=== Task input ===
..............................

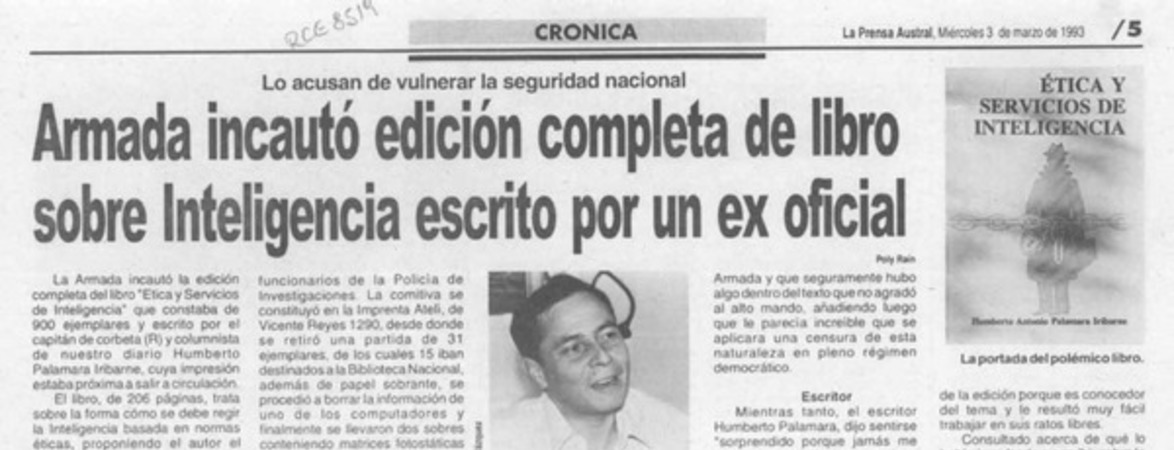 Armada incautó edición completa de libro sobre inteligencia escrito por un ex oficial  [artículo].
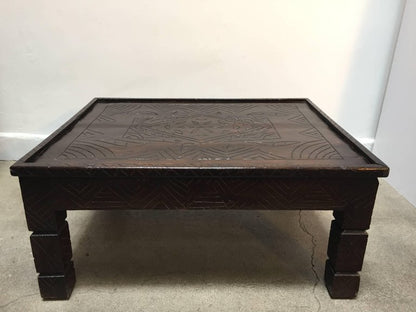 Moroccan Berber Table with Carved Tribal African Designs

..............................

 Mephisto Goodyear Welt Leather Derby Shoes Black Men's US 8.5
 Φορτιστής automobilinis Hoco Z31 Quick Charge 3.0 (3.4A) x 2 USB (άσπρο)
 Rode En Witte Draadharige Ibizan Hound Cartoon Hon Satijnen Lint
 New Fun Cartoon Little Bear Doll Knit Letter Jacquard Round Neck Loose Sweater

..............................

Transcribe the lines above exactly, beginning at the one with "Armada incautó edición" and ending at the one with "Moroccan Berber Table". Include both; exclude the pictures.

=== Task result ===
 Armada incautó edición completa de libro sobre inteligencia escrito por un ex oficial  [artículo].
 Moroccan Berber Table with Carved Tribal African Designs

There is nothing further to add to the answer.